First the positives. The new watermarks can be applied to just about anything produced, except slideshows, that means prints, exports and web galleries. They can be text or graphical with controllable transparency. Finally, they are automatically scaled to fit the image properly.

The only negative I’ve found so far is the inability to rotate the watermark in less than 90° increments. That is if you want “Sample” to be placed diagonally across the image you can’t do that using a text watermark yet. Of course since this is still a beta, there is always the possibility that the configuration options available so far aren’t fully representative of the final release.

Either way though, the new watermarking system is easy to setup and easy to apply to exported images, much more so than the old LR2 + morgify + configuration black magic (I never could get it to work successfully) was.

Conclusions

The big changes to Lightroom 3, the new rendering engine and the professional level noise reduction are, in a word, awesome. Actually the new rendering engine, as slow and unoptimized and buggy as it is, is a big enough improvement over the one in Lightroom 2 that I find my self wishing Adobe was releasing Lightroom 3 sooner rather than later.

The various minor upgrades and tweaks, are for the most part nice. Watermarking looks like it works well and is much more usable since you don’t have to jump though hoops to use it. Publishing looks like it’s going to be a pretty powerful solution for exporting and being able to track what has been exported, the ability to intergrate with online communities and comment directly from Lightroom is just a plus on top of that.
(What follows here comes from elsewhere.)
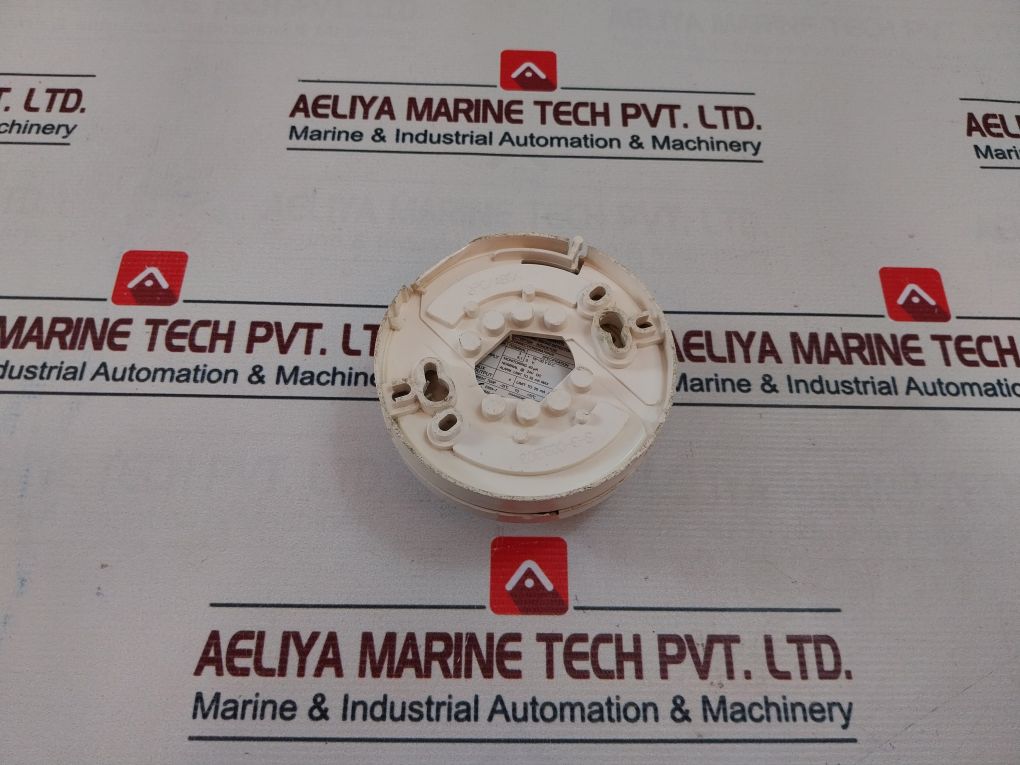 Salwico Dos3 Photoelectric Smoke Detector N1115 24V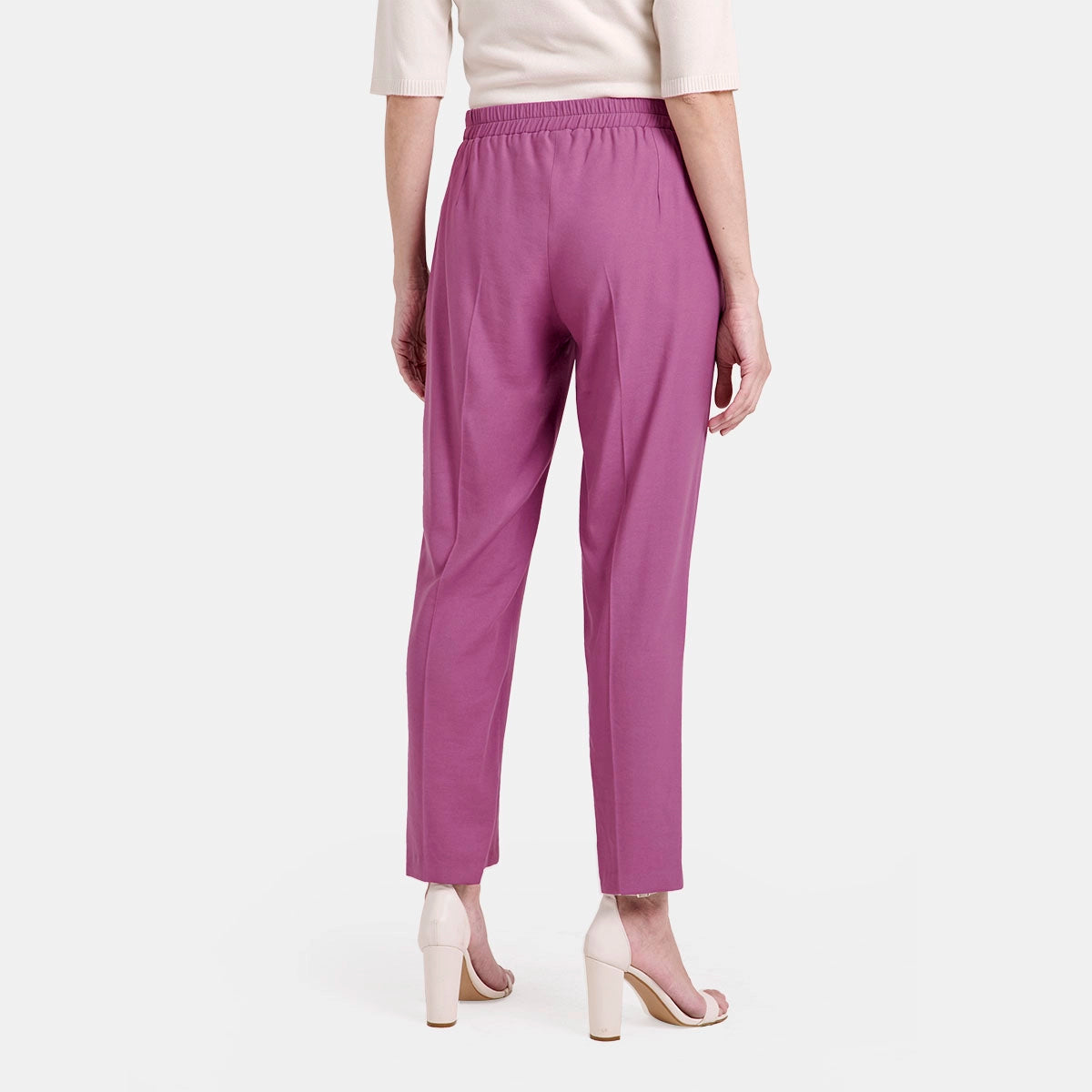 V69942 - Pantalón con bolsas Candace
However, the lack of soft proofing in the print module is still troubling, though. Softproofing is an absolutely critical step in the fine-art print production process and with out it Lightroom still forces you back to Photoshop and multiple copies of the same file for printing.

All told, if the beta is any indication, Lightroom 3 is going to be a very nice upgrade from Lightroom 2, especially in image quality. However, in it’s current state it’s very rough around the edges. It’s certainly less useable than I recall the beta of Lightroom 2 being.

My recommendation: If you’re interested in playing with bleeding edge features and don’t mind dealing with the performance issues, the beta is worth a try, at least to see what’s coming. Otherwise, most photographers should probably skip the beta entirely.